:: Information supplied
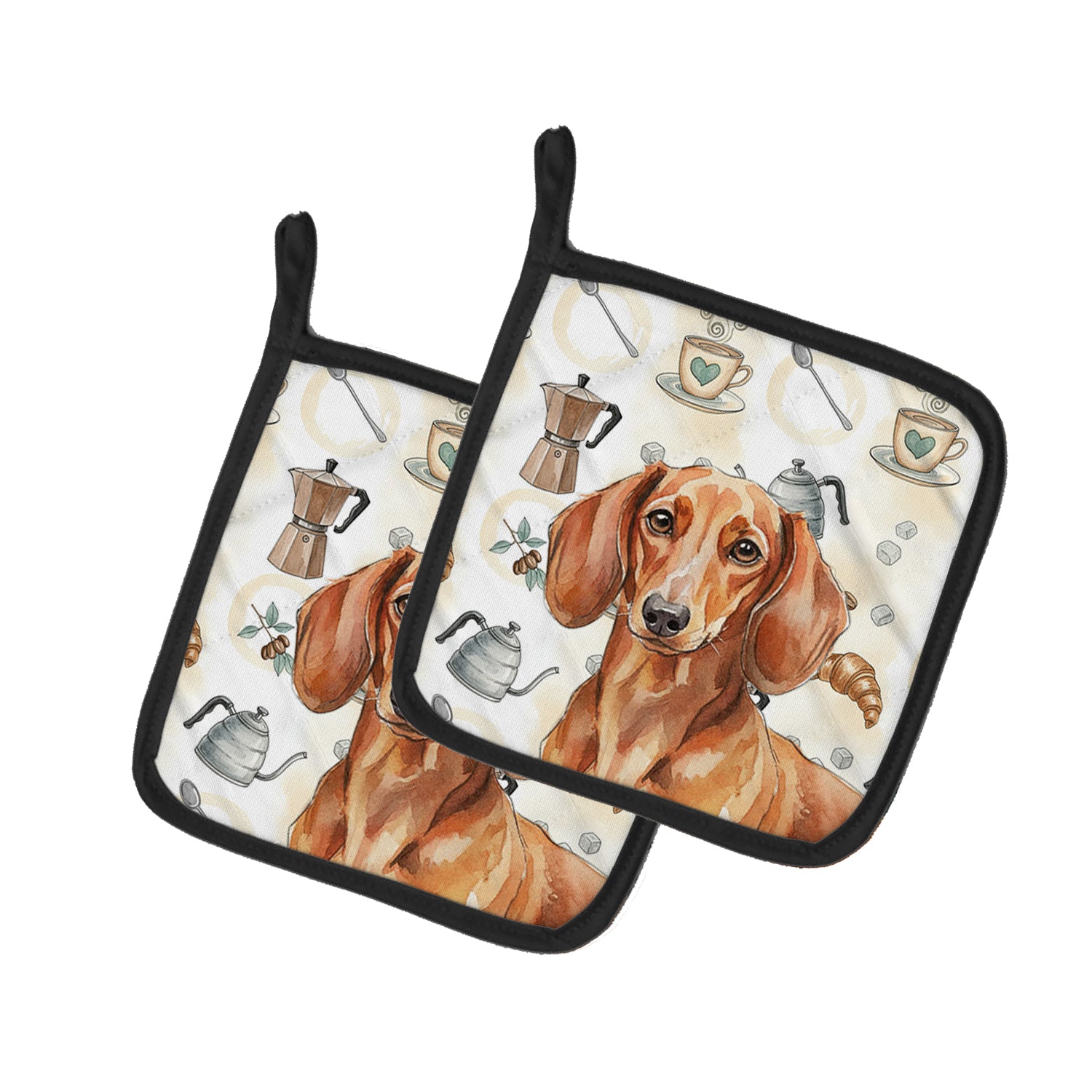 Caroline's Treasures Red Brown Dachshund Coffee Bar Pair of Pot Holders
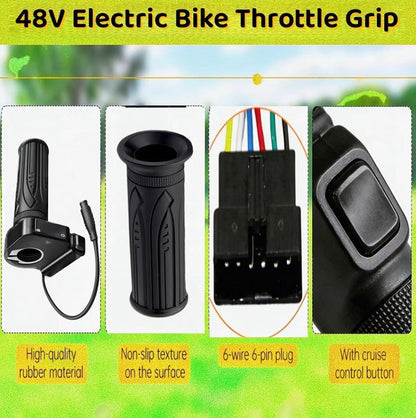 48V Electric Bike Throttle Grip with LCD Display & Cruise Control, 6-Pin - Horizon Endless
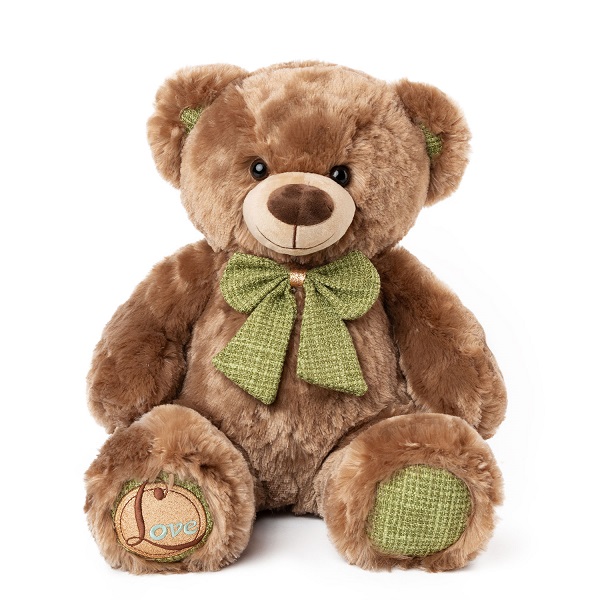 Jucarie moale urs cu panglica verde 40 cm - 0.6 kg
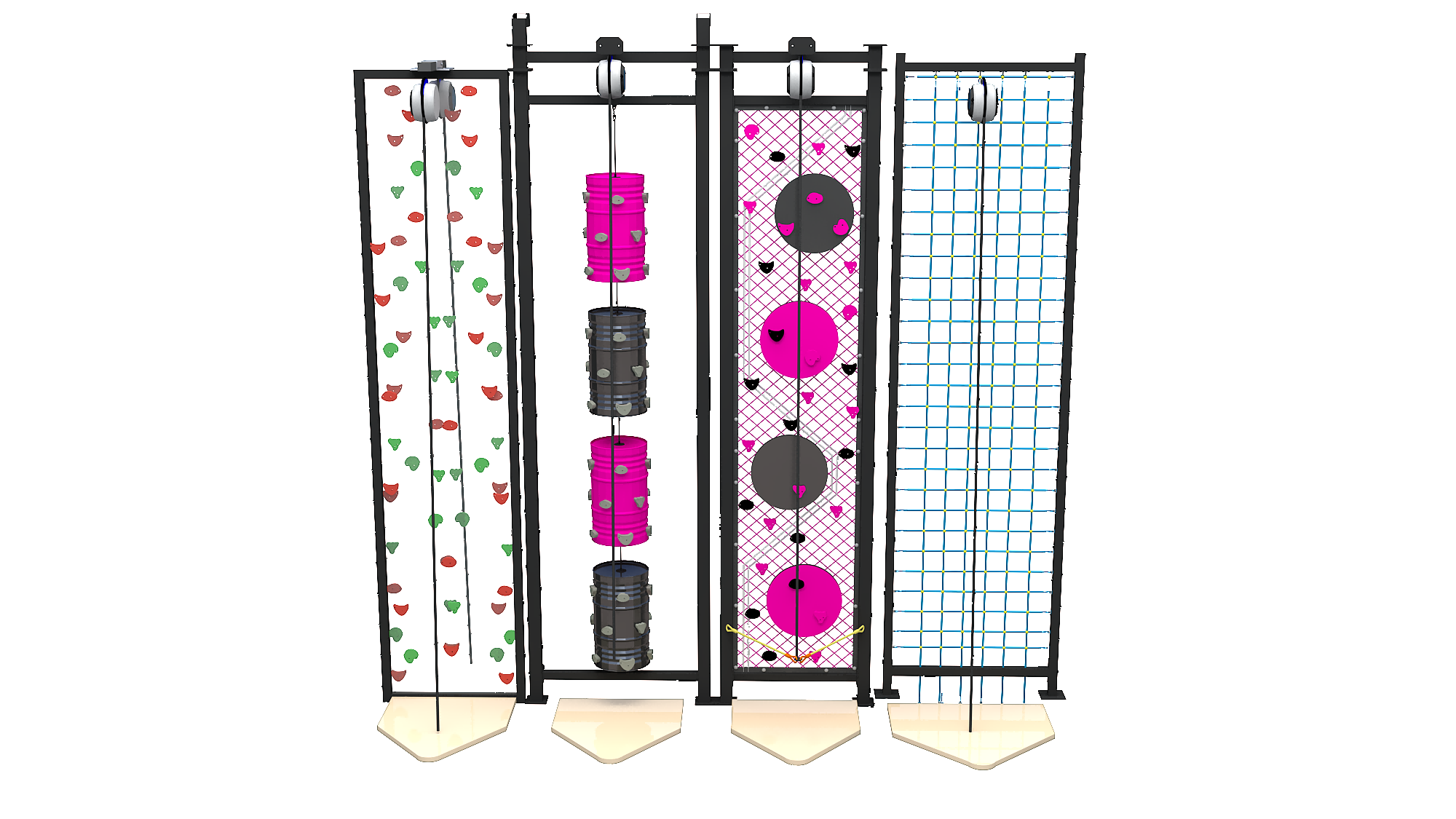 American Ninja Warrior Playground Swings Climbing Frame With Swing Obstacle Course Equipment Ninja Warrior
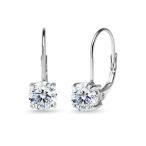 Sterling Silver Clear Round-cut Leverback Earrings Made with Swarovski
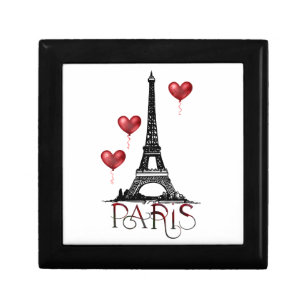 Boîte À Souvenirs Paris, Tour Eiffel et Ballons du Coeur Rouge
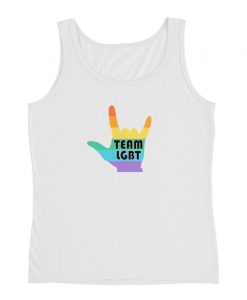 team LGBT rainbow love hand sign tank top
::::
**The task**.
Your task is to reproduce exactly the lines running from the line that contains "Jucarie moale urs" to the end of the records, pictures excluded.

**Response below**.
 Jucarie moale urs cu panglica verde 40 cm - 0.6 kg
 American Ninja Warrior Playground Swings Climbing Frame With Swing Obstacle Course Equipment Ninja Warrior
 Sterling Silver Clear Round-cut Leverback Earrings Made with Swarovski
 Boîte À Souvenirs Paris, Tour Eiffel et Ballons du Coeur Rouge
 team LGBT rainbow love hand sign tank top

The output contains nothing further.